Transitions and Trees



Simply Living

(First appeared in Orlando Sentinel December 22, 2008)

If you had told me in 1992 that one day I would be aggressively selecting trees on our property to prune or cut down, I'd have thought you were crazy.

When we moved here nearly 17 years ago, trees were a rare and precious commodity. On the entire 50 acres, we had only a small thicket of scraggly willows, a handful of mature pines, two large oaks and a scattered assortment of oak seedlings.

We weren't accustomed to a treeless landscape. Before living in Florida, our home was on 5 wooded acres in Cape Cod, Mass. Before we could build a house on that property, we had to carve a homestead out of a dense forest of locust and oak trees covered by a snarly web of bull briar, poison ivy and wild grape vines.

Hand by vine-scratched hand, we cleared a home site. Living in the woods made us feel sheltered and secure. Our new property in Florida, although filled with promise and raw beauty, left us feeling vulnerable and oddly exposed.

To remedy the situation, one of our first priorities was to do massive plantings. Looking back on our efforts, I find it amazing how much work we did. All I can say is that we were young, a bit foolish and full of gusto.

We began by mounding earth around the property perimeter to create an immediate buffer zone. On top of those berms, we installed dozens of transplanted hedge bamboo divisions.

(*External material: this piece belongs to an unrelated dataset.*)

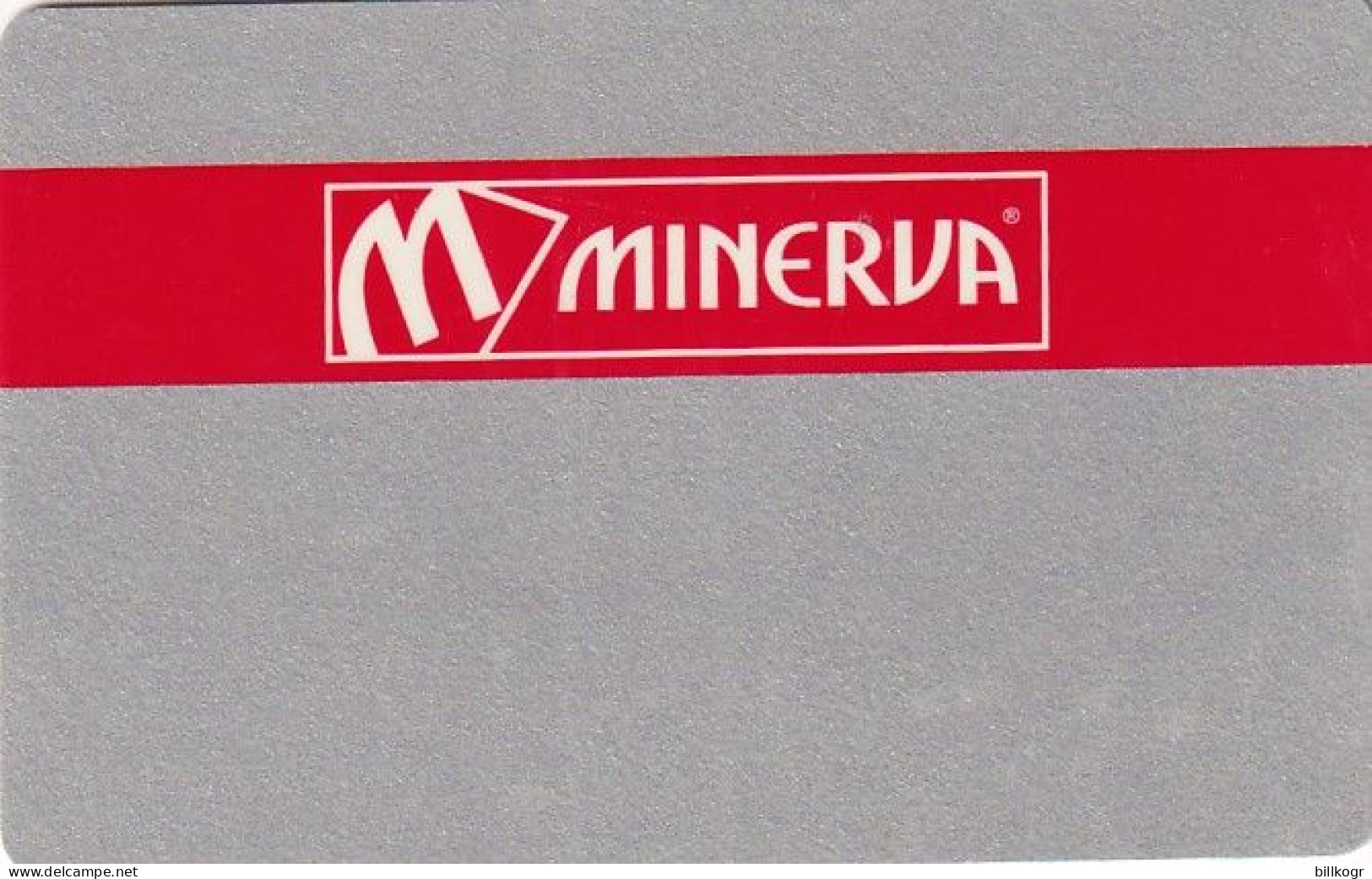 GREECE - Minerva Member Card, Used - Other & Unclassified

Unfortunately -- here's where the young and a bit foolish part comes in -- we neglected to irrigate the transplants or enrich the soil. One by one, we watched the divisions succumb to the heat and poor soil.

As we quickly learned, even hardy plants such as bamboo need at least a little TLC to survive. Only a couple dozen of the original plants made it through that rough beginning.

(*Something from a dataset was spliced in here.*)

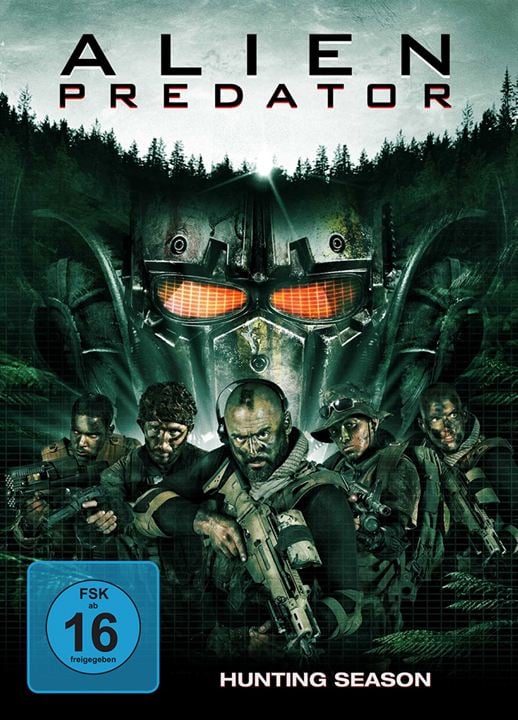 Alien Predator - Hunting Season : Kinoposter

Our next major undertaking was the planting of pines -- we hand-planted 4,000 seedlings. Although slash and sand pines can tolerate unirrigated, poor soil, they can't overcome improper planting techniques. Unfortunately, that's what Ralph and I provided. I don't know how many of those tiny trees survived, but it wasn't many.

Once we realized all our hard work had resulted in yet another failure, we hired a professional to come in with the proper equipment to do a follow-up planting. At last, a wise decision. Almost all of the 11,000 trees in the second planting survived. Today they blanket the ground with a dense carpet of pine needles.

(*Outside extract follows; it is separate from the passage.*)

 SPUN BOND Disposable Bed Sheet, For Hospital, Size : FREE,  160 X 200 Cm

Through the years, we never stopped planting. I can't begin to tally the number of bamboos we added to the landscape -- they have to be in the thousands. Open groves of running bamboos and thick clusters of clumping varieties have provided us with privacy and beauty.

The pine trees we planted have sown generations of babies, while the once waist-high oaks grew into towering monsters. If I hadn't seen it happen, I would never believe the thick-trunked trees that cover the property are less than 20 years old. They look like 100-year-old behemoths.

Those oaks have been the main target of our recent culling activity. Branches were infringing on the driveway, getting too close to the house and shading out other plants that we wanted to grow. The most sensible solution was a chain saw. Let the games begin.

On the first day of cutting, my husband asked, "Which trees should we trim?"

With the merits of pre-emptive culling in mind, my reply was decisive, "Take that one out entirely and trim the side limbs on this other oak before they grow any bigger."

He looked at me with surprise, wondering what had become of his tree-coddling wife.

I'm not a ruthless person, but I've come to appreciate the virtues of careful pruning and selective culling. It's amazing how much a physical landscape can change in a relatively short time. Mental landscapes too.

Although I still value their assets, I no longer see trees as permanent fixtures. I try to view them instead as renewable resources. For certain plants to grow, others must go. It is immensely reassuring to know nothing goes to waste. Culled trees become brush piles that shelter small animals, eventually decomposing into rich dirt that supports new growth.

I never thought I would see the day when we'd be thinning out a forest. It took us 17 years to make it full circle, but eventually that is what happened. From Cape Cod woods to Florida fields, barren sand turned into a leafy landscape in the blink of an eye. With the exception of children, there are few things better than trees to measure the passage of time.